Hunters are often regarded as one of the easier classes to play solo. With the aid of a pet, plenty of utility, and the ability to attack from range, hunters are truly a formidable class! Mastering your marksmanship hunter is absolutely worth the effort. Doing so will allow you to maximize your damage, which is important for securing a raid spot!
Of all five races that can be a hunter, all of them are a solid choice. Your best option will ultimately depend on your specialization, but marksmanship still has clear favorites on both factions. The horde does have an advantage when it comes to racial benefits, but that doesn’t mean an alliance hunter will be weak!
You can check out all the abilities offered by each race option here. Otherwise, take a look at your preferred faction below!
If you want to play as an alliance hunter, you’ll need to pick either a night elf or a dwarf. Both of these are decent choices, but a dwarf has a slight advantage if you’re able to use a gun. Night elves do have the ability Shadowmeld, which can be useful in a few niche situations. More beneficial is the fact that no other race starts with a higher agility stat value.
Dwarves are slightly better because they have access to Gun Specialization, which slightly boosts weapon skill with guns. You won’t benefit from this unless you’re using a gun, so this makes the difference between the two races fairly negligible. Dwarves also have Stoneform, so they also make for a decent defensive choice.

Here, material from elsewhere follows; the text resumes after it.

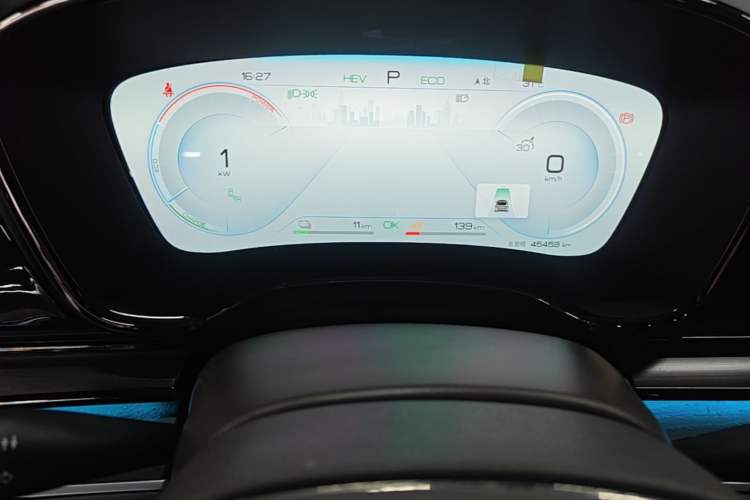 Used BYD Han 2023 DM-i Champion Edition 121KM Prestige Model Instrument Cluster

Horde have several options when it comes to being a hunter. You can play as a troll, tauren, or an orc. Tauren are definitely the weakest choice of the bunch, considering they have no racial abilities that offer a benefit. War Stomp may come in handy for an additional stun, plus Endurance for +5% Stamina never hurts.
Orcs are typically the best choice, but not when it comes to marksmanship. Because hunters have the unique ability of attacking with ranged attack power, they won’t benefit from Blood Fury, which only boosts melee attack power. They do also have Command for +5% damage from your pet, but marksmanship is less concerned about using a pet, and may not even have it out at all for some encounters.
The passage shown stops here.